Task statement
Which lines run from the line with "Tom Wood Small" through the line with "Семейный Номер с" in the entries below? Print them exactly, both ends included, and nothing more.

The input
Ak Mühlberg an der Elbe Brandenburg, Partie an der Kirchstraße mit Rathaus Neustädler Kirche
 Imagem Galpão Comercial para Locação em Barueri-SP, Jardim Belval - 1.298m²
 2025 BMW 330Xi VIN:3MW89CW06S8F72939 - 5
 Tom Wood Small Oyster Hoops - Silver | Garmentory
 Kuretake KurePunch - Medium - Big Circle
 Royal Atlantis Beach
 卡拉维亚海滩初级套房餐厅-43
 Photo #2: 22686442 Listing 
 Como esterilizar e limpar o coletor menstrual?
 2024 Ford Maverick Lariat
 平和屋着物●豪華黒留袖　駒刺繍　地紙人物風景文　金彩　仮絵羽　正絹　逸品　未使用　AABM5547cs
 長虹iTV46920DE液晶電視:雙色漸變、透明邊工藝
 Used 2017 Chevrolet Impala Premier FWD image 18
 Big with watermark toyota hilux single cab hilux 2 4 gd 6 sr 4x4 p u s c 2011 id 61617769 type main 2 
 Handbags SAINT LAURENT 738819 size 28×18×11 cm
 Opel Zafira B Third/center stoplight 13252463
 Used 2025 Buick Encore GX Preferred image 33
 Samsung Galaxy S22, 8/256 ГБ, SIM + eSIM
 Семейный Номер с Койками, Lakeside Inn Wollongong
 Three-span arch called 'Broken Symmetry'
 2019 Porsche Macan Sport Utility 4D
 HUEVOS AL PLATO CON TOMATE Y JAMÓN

Answer to this exercise
 Tom Wood Small Oyster Hoops - Silver | Garmentory
 Kuretake KurePunch - Medium - Big Circle
 Royal Atlantis Beach
 卡拉维亚海滩初级套房餐厅-43
 Photo #2: 22686442 Listing 
 Como esterilizar e limpar o coletor menstrual?
 2024 Ford Maverick Lariat
 平和屋着物●豪華黒留袖　駒刺繍　地紙人物風景文　金彩　仮絵羽　正絹　逸品　未使用　AABM5547cs
 長虹iTV46920DE液晶電視:雙色漸變、透明邊工藝
 Used 2017 Chevrolet Impala Premier FWD image 18
 Big with watermark toyota hilux single cab hilux 2 4 gd 6 sr 4x4 p u s c 2011 id 61617769 type main 2 
 Handbags SAINT LAURENT 738819 size 28×18×11 cm
 Opel Zafira B Third/center stoplight 13252463
 Used 2025 Buick Encore GX Preferred image 33
 Samsung Galaxy S22, 8/256 ГБ, SIM + eSIM
 Семейный Номер с Койками, Lakeside Inn Wollongong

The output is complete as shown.